Few in Britain today, even at the highest levels, realise just how much power has already been forfeited to the EU. This book illustrates what power has gone and what little is left and explores the decades of dishonesty as British independence has been shamefully handed over to a multinational establishment with growing features of independent nationhood.
[eurofacts (Vol 6 No 14) – 4th May 2001]
As Norman Lamont says in his foreword: “The Last Days of Britain: The Final Betrayal is a dramatic title for a book. Is it overdone and over dramatic? I don’t think so…. Lindsay Jenkins is no shrill Europhobe, but a cautious, highly intelligent critic of what is currently happening in Europe. She cuts through much of the verbiage to expose its real nature.”

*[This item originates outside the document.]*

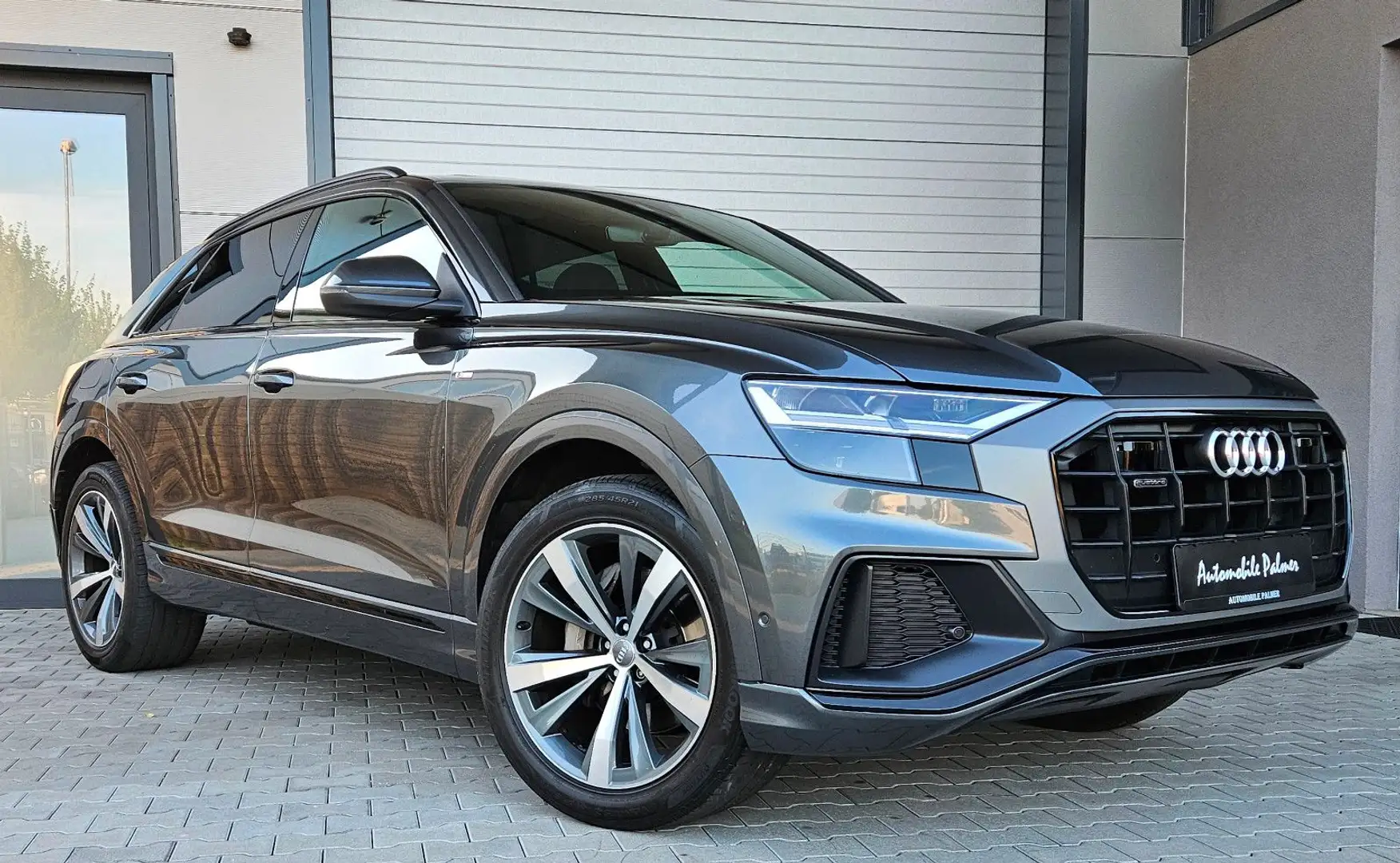 Audi Q8 50 TDI quattro S Line 1Hand Grau - 2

Indeed she does. Anyone who doubts that the purpose of the EU is to create a single European state should read this book. The author’s method is to let EU politicians and officials speak for themselves. In hundreds of short extracts from speeches, interviews, official statements, select committee reports and the EU treaties themselves, the builders of the single European state set out precisely what the destination is and how they are taking us to it. To complete the picture, quotes from American and other non-EU spectators leave no room for doubt about what is going on.
“Europe” is a notoriously indigestible topic, but Lindsay Jenkins and the book’s designer, Alice Leach, use the full repertoire of graphic design to highlight key issues, impart nuggets of fact and convey information in the most user-friendly way possible. There are graphs, pie charts, bar charts, depictions of mercury thermometers (showing just how much British self- government has already gone in eleven major policy areas), and, on most pages, in inserts or “boxes”, short paragraphs and “bullet points” summarising key points.

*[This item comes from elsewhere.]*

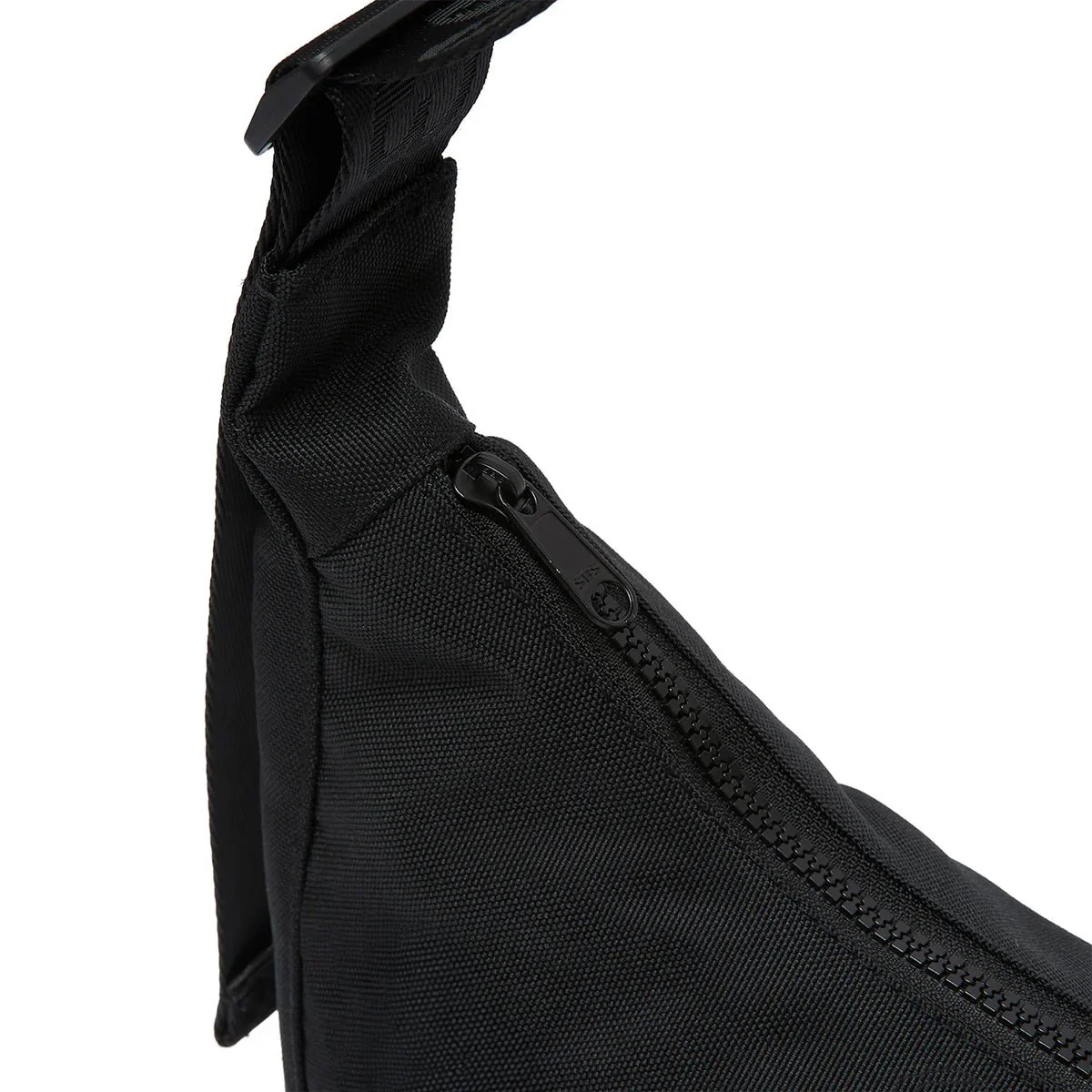Ela Mo™ Moon Bag | Schwarz - Image 6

The subject matter is far-ranging: there are chapters for example on the EU police force (just round the corner), the EU Army that Messrs. Blair and Cook insist on pretending is no such thing, taxation, fishing and much else. All chapters are carefully researched and the sources identified; and all display the mastery of the subject that the author has acquired through a decade of intense work in this field. (She won her spurs with Britain Held Hostage, first published in 1997).
She is particularly good on defence, as befits her background; on Brussels’ ongoing progress in wrestling control of tax policy away from the member states (a prelude to collecting tax directly from EU taxpayers themselves); and on the sinister EU police force, Europol, and its complement, the EU Corpus Juris, for which Eurojust, agreed at Nice last December, is the Trojan horse.
The picture that she builds up, block by block, is as incontrovertible as it is frightening. These really are the last days of Britain, unless something is done about before it’s too late.